Воспоминания о Гоголе своим полемическим острием обращены, главным образом, против реакционных славянофильских концепций духовного развития писателя, в частности против издания П. А. Кулиша, на которое Анненков неоднократно ссылается. В письме же к Дружинину он так отозвался об этом издании: «Сия последняя книга, нет сомненья, крайне любопытна и вполне будет полезна, если кто-либо возьмется написать на нее еще книгу».

Вопреки мнению славянофилов и даже самого писателя в «Авторской исповеди», будто он и прежде был так же настроен, как и в период издания «Выбранных мест из переписки с друзьями», Анненков дает духовный облик Гоголя в движении. Он убедительно показывает, что «в первую пору своего развития», в период «Миргорода» и «Ревизора», когда Анненков особенно близко знал писателя, «Гоголь был совсем свободным человеком», чрезвычайно далеким по своей насквозь «земной» и здоровой натуре от учения церкви, от аскетизма в жизни, от мертвящего образа мыслей.

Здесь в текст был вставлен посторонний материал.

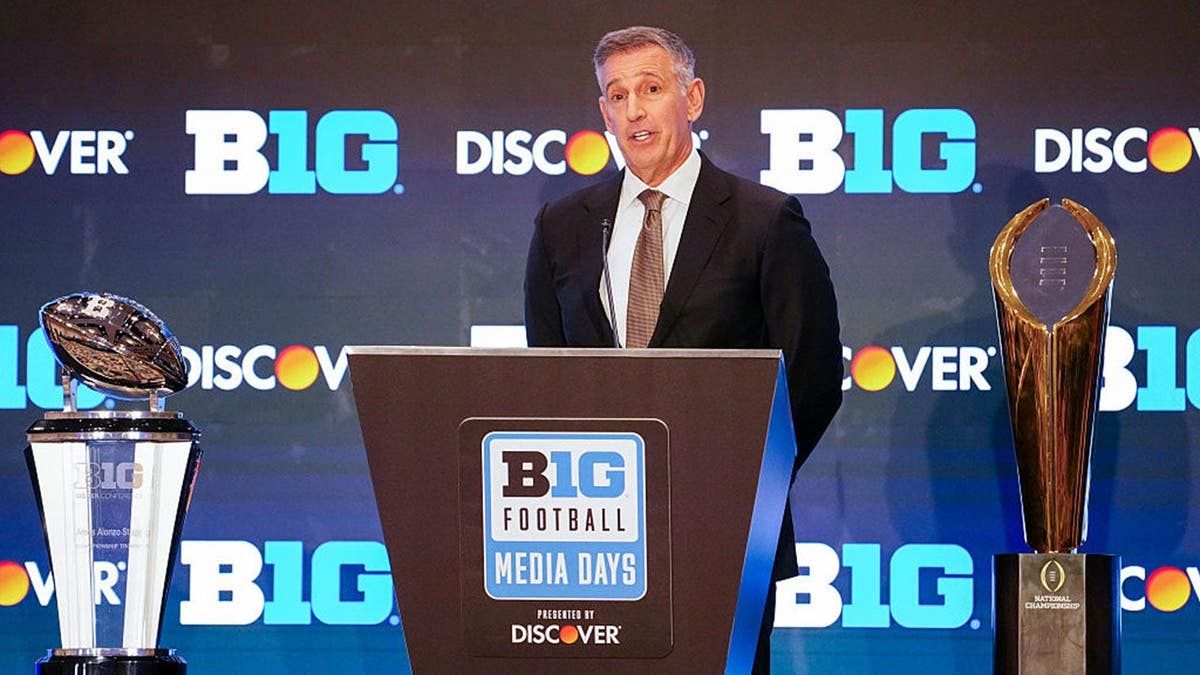 Future Changes in College Football Structure Looming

Иным нашел Анненков Гоголя в Риме летом 1841 года. Он развертывает в очерке одну за другой картины роскошной итальянской природы, панораму Рима, передает впечатление от самой атмосферы и медлительного течения жизни в то время в «вечном» городе и на этом фоне воспроизводит колоритный образ Гоголя-страдальца, терзаемого сомнениями гениального художника, чуткого, человечного, но бесконечно одинокого со своими нелегкими и неотступными думами о судьбах России, о своем гордом призвании пророка и наставника.

Анненков превосходно воссоздал аскетический по своему характеру образ жизни Гоголя в Риме, показал его внутреннюю борьбу, прямо-таки скульптурно обрисовал сцены переписки первого тома «Мертвых душ» под диктовку Гоголя — в этих сценах писатель действительно встает перед нами как живой, — а затем, основываясь на эпистолярных и мемуарных материалах, уже как критик и исследователь, завершил повествование о великом страдальце, идущем к неминуемой душевной катастрофе.

Воспоминания о встречах с Гоголем в Риме принадлежат к лучшим страницам Анненкова и по мастерству изображения — по умению автора проникнуть в то, что Горький называл «психологией факта», и на этой основе дать вдумчивый и разносторонний абрис характера, смело касаясь не только великих черт, но и малых человеческих слабостей, свойственных Гоголю, как и всем людям. А кроме того, воспоминания эти превосходно написаны — ясно, задушевно и образно.

В дальнейшем Анненков не раз касался в воспоминаниях и письмах духовной драмы Гоголя. В «Замечательном десятилетии» он непрерывно обращается в связи с характеристикой Белинского к произведениям Гоголя, рассказывает о его нравственном надломе, о своих встречах и беседах с ним в Париже и Бамберге, цитирует переписку, усилившуюся с выходом «Выбранных мест из переписки с друзьями» и зальцбруннским письмом Белинского. Анненков хорошо понимает, что эволюция Гоголя вправо, завершившаяся его духовным крахом, чрезвычайно важный момент в идейной жизни сороковых годов, требующий глубокого осмысления. Сам он в своих раздумьях пытается объяснить эту драму ссылками то на «переходное время», то на утрату Гоголем за границей «смысла современности», то на «разладицу между талантом и умственным настроением», которая и свела писателя в могилу.